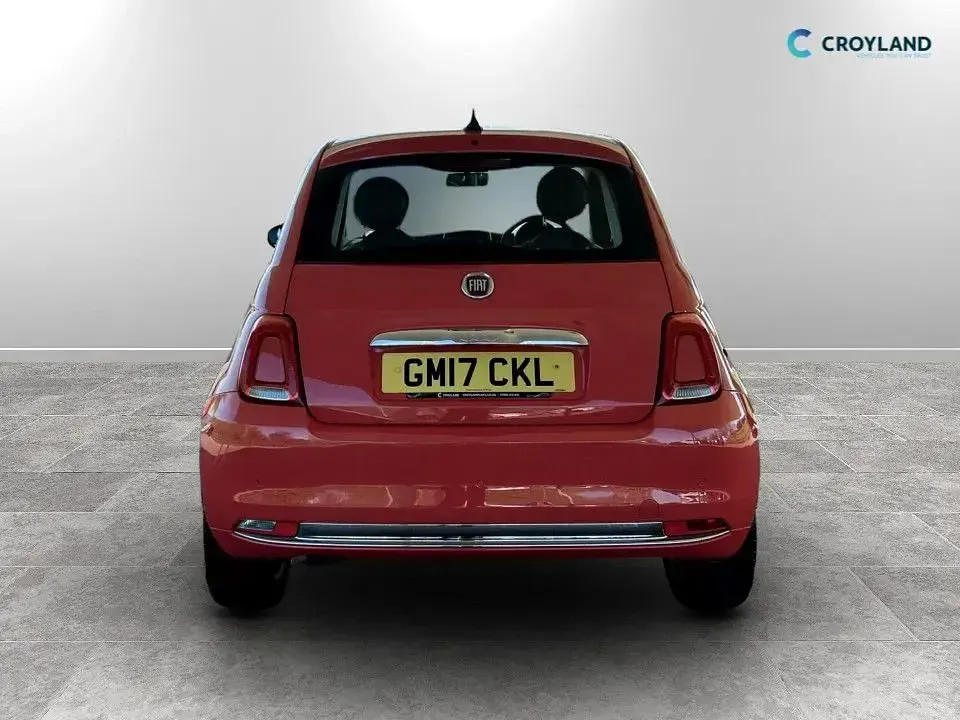 Used Fiat 500 Lounge 85 HP (62 kW) 2017 Pink Hatchback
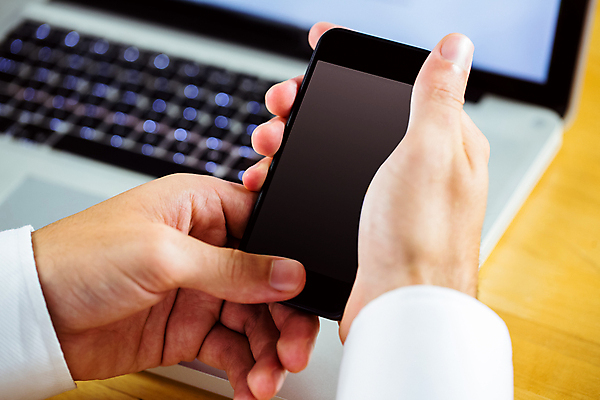 포토 JPG 해외이미지 손 들기 신체부위 노트북 스마트폰 스크린 터치 잡기 비즈니스맨 책상 카피스페이스 해외202004 해외포토 남자 가구 비즈니스 모션 사람 전자제품 핸드폰 스마트기기 공백 직장인 파일형식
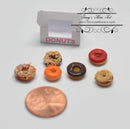 1:12 Dollhouse Miniature 6 Assorted Donuts in Window Box/ BD K2648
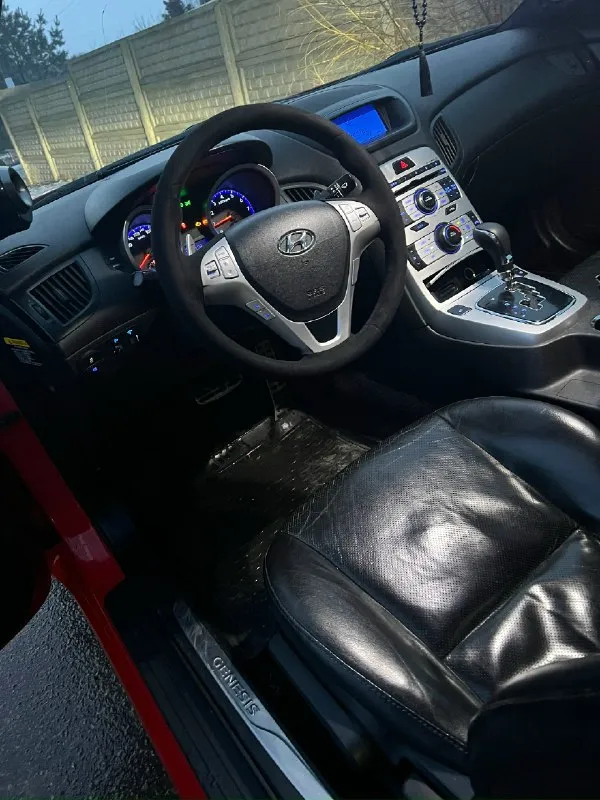 Продам!!! или обмен! hyundai генезис (2009) двигатель: 2-литра турбо бензин ( 213лс) без масло-жора!!! пробег: 285-тысяч ( родной пробег) машина обслуживалась всегда вовремя, денег никогда не жалел!! в отличном состоянии, без посторонних звуков, проблем !!! музыка шикарная, сделали очень качественно, никак на жигулях. одна проблема !!!! вечный учет!!!! город: донецк цена: 850-тысяч рублей !!!! тел: +79490787568 📞 звоните: +7(949)0787568 - фотография - 9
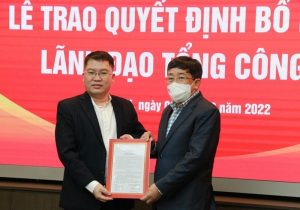 Lãnh đạo PVN trao quyết định bổ nhiệm cho ông Đinh Văn Đức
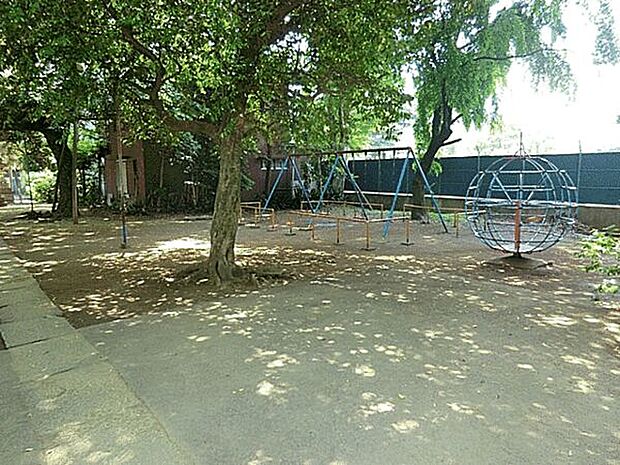 本太児童公園(約469m)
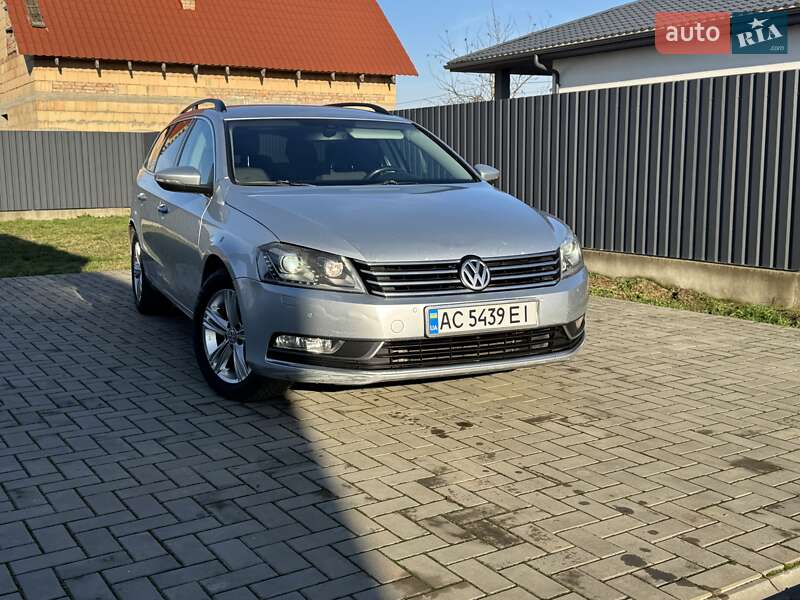 Универсал Volkswagen Passat 2013 в Луцке фото 10 Универсал Volkswagen Passat 2013 в Луцке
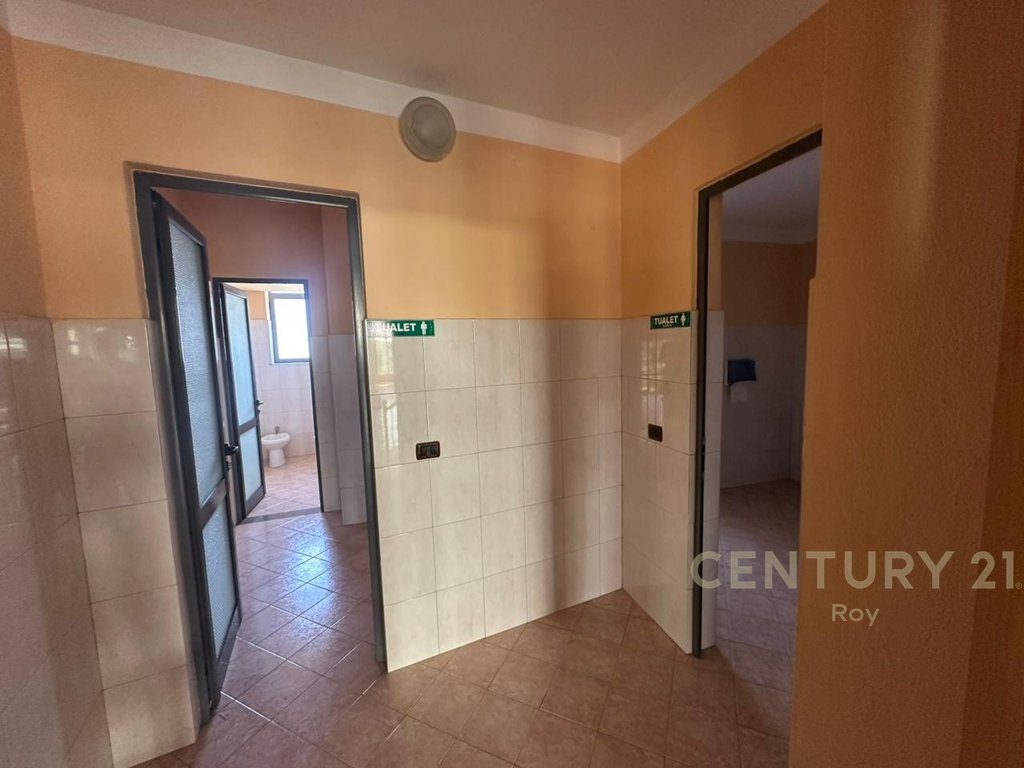 NJESI BIZNESI PER INVESTIM NE HYRJE TE KAVAJES BAR/RESTORANT/HOTELERI!!!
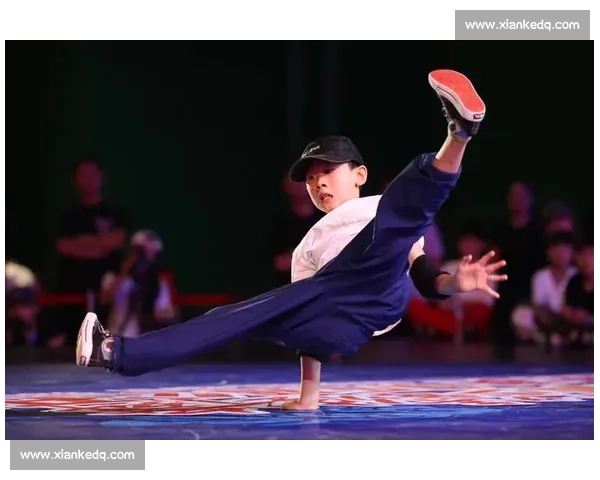 霹雳舞赛场:当街舞碰撞中国功夫,上演热血 “功夫对话”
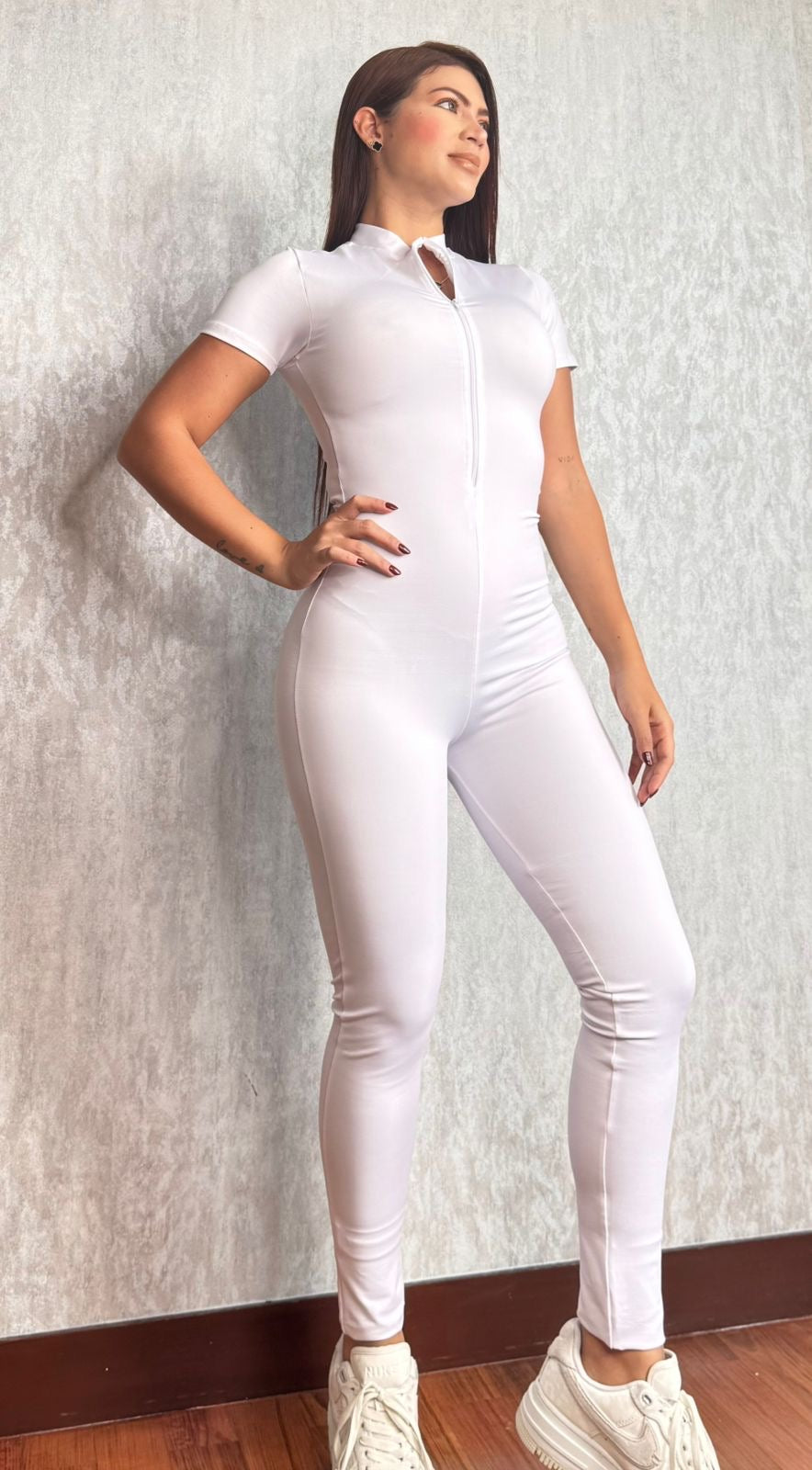 ENTERIZO MANGA CORTA CIERRE 3721-2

TASK BRIEF: Everything above from the line containing "Продам!!! или обмен!" through the line containing "本太児童公園(約469m)" must be repeated exactly, and the pictures must be left out.

YOUR RESPONSE:
 Продам!!! или обмен! hyundai генезис (2009) двигатель: 2-литра турбо бензин ( 213лс) без масло-жора!!! пробег: 285-тысяч ( родной пробег) машина обслуживалась всегда вовремя, денег никогда не жалел!! в отличном состоянии, без посторонних звуков, проблем !!! музыка шикарная, сделали очень качественно, никак на жигулях. одна проблема !!!! вечный учет!!!! город: донецк цена: 850-тысяч рублей !!!! тел: +79490787568 📞 звоните: +7(949)0787568 - фотография - 9
 Lãnh đạo PVN trao quyết định bổ nhiệm cho ông Đinh Văn Đức
 本太児童公園(約469m)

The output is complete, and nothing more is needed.